Abu Michnaf sagt: Da versammelten sich die Einwohner von Scheizar alt und jung und einige sagten: lieben Leute! Gott verabscheuet den Aufruhr und dieser Kopf ist schon durch die anderen Städte gekommen, ohne dass sich jemand widersetzt hat, so lasst ihn auch durch unsere Stadt führen; dagegen erwiderten die jüngeren Männer: verdammt seid ihr und euer Vorschlag! bei Gott, das wird niemals geschehen, oder wir werden bis auf den letzten Mann getötet. Sie griffen nach den Schwertern und befestigten sie in die Gehenke, nach den Schilden und hingen sie über die Schultern und nach den Lanzen und steckten sie an den Knien fest, und als die Alten dies sahen, widersprachen sie nicht weiter und besetzten die Brücke. Chaula versuchte noch sie zu überreden davon abzustehen, aber sie griffen mit den Waffen an , er rief seine Leute herbei , es kam zu einem heftigen Kampfe, worin Chaula 86 Mann, die von Scheizar 5 Mann verloren. Umm Kulthum fragte nach dem Namen der Stadt, man nannte ihr Scheizar, da sprach sie: Gott möge ihren Trunk versüßen, den Preis ihres Getreides gering werden lassen und sie aus den Händen ihrer Unterdrücker befreien. — Abu Michnaf setzt hinzu : und wenn die Welt von Tyrannei und Unrecht ganz voll wäre, so lasse er ihnen nur Gutes lind Gerechtes zu Teil werden!
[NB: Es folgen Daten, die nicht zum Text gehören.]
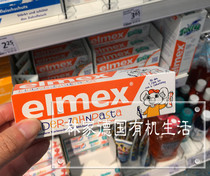 Spot Germany to buy Elmex childrens toothpaste 2-6 years old 0-2 years old can swallow fluorine-containing moth 50g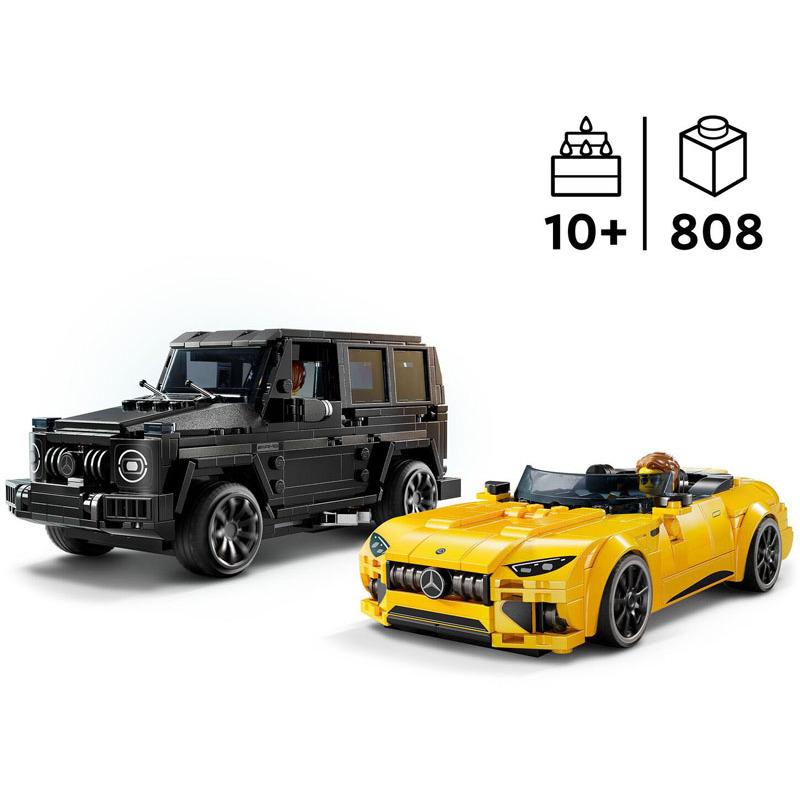 product/l/e/lego_a2403192_noir-jaune_5.jpg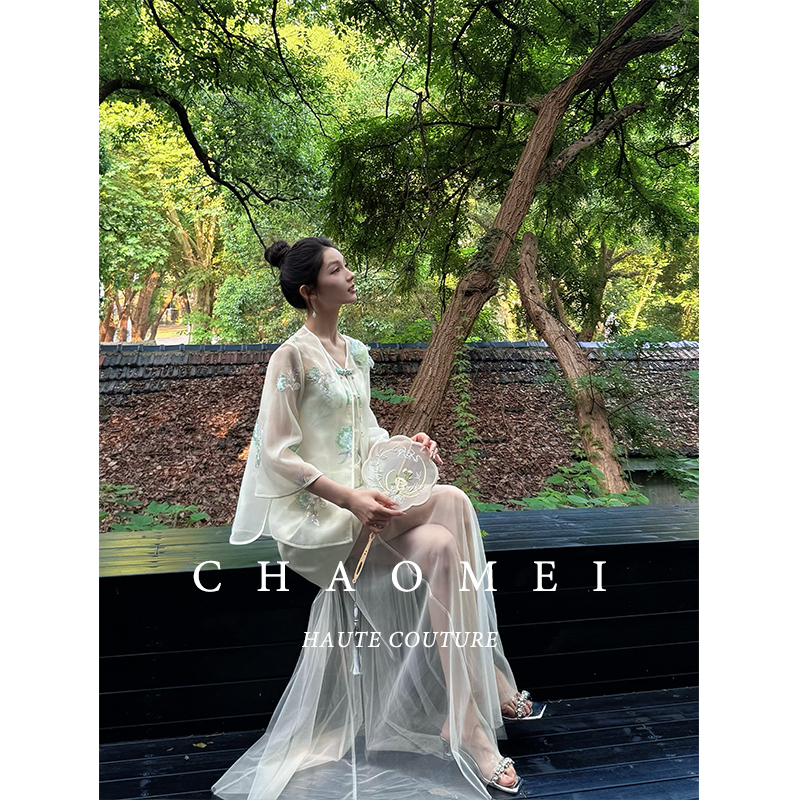 冯（CHAOMEI【半盏青】国风新中式女装绣花外套缎面吊带连衣裙半裙衬
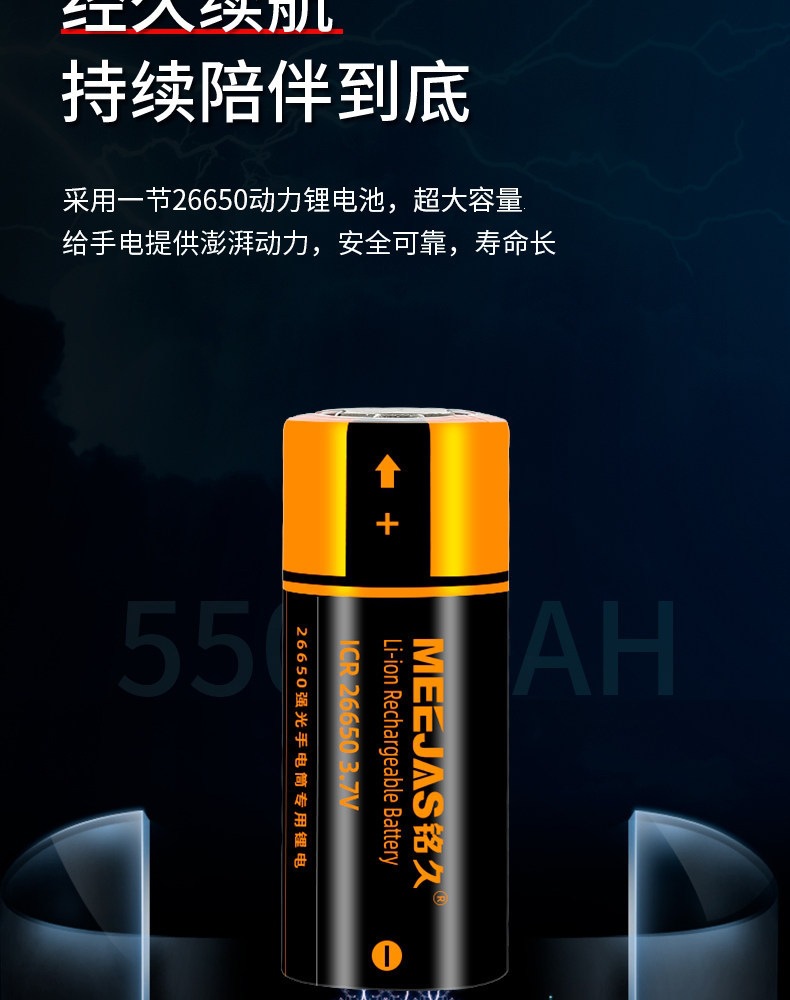 Tactical Multi-Functional Ultra-Bright Flashlight with Laser, Long-Lasting Battery Life, Portable, Long-Range, Rechargeable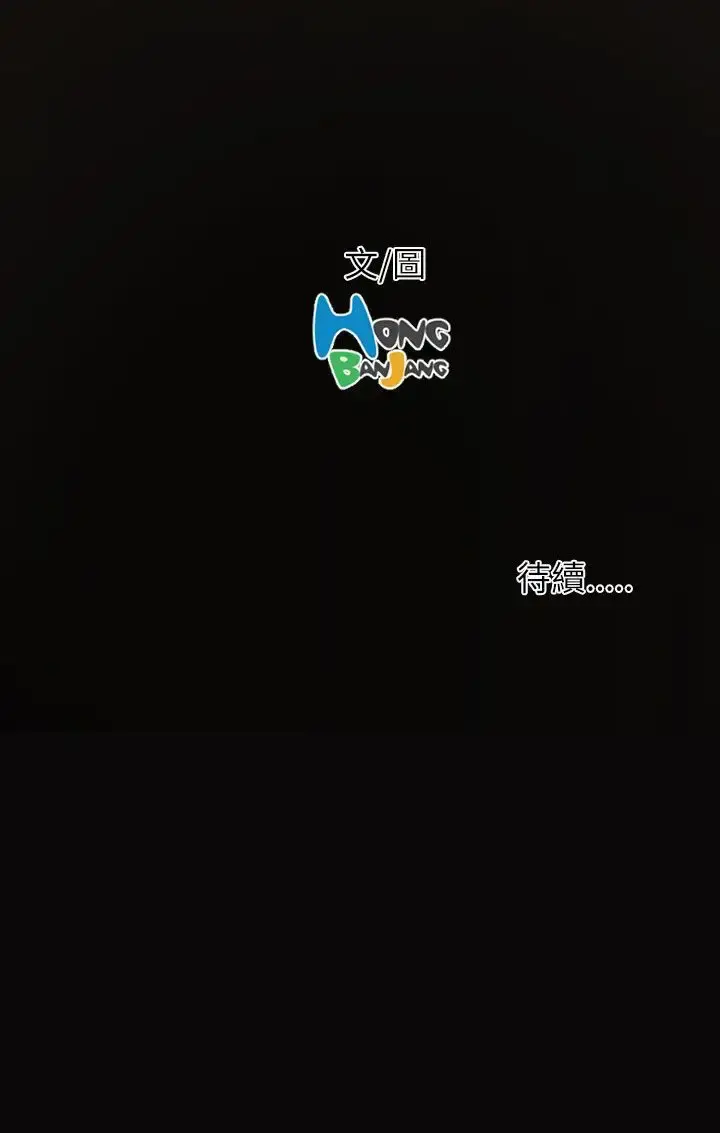 姐姐 - 第11话 - page 40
Sie kamen nach Hamat, da schlössen ihnen die Einwohner die Thore vor ihren Augen, besetzten die Mauern und sprachen: wir haben uns durch einen Eid verbunden , dass niemand zu uns hereinkommen soll. Deshalb zogen sie weiter nach den beiden Rakka und schrieben an den Kommandanten von Himc ihnen entgegen zu kommen, weil sie den Kopf des Husein ben 'Ali mit sich führten. Der dortige Emir war (L ein Bruder des) Chalid ben el-Naschit; als er das Schreiben gelesen hatte, ließ er die Fahnen entfalten und ging ihnen drei Meilen weit entgegen; sie trugen den Kopf auf der Lanze zur Schau und kamen damit bis Himc; am Stadttore entstand ein Gedränge, die Leute warfen mit Steinen, sodass 26 Mann am Thore tot blieben. Sie wandten sich nun nach dem östlichen Thore , das wurde ihnen vor den Augen geschlossen und man sagte ihnen: ihr Leute! Unglauben nach dem Glauben? oder Irrweg nach dem rechten Wege ? der Kopf Huseins des Sohnes der Tochter unseres Propheten sollte durch unsere Stadt geführt werden? das wird niemals geschehen. Sie brachten ihn zurück bis an das Tadmor-Thor und zogen hier mit ihm ein, die Standarten und Fahnen voran. Bei der Kirche St. Georgs, wo die Wohnung (des Bruders) des Chalid ben el-Naschit war, wurde Halt gemacht, die Thoren und Übelgesinnten klatschten in die Hände, drückten ihre Freude aus und sagten : dies ist der Kopf des Rebellen, der sich gegen den Chalifen Jazid ben Muawija empört hat.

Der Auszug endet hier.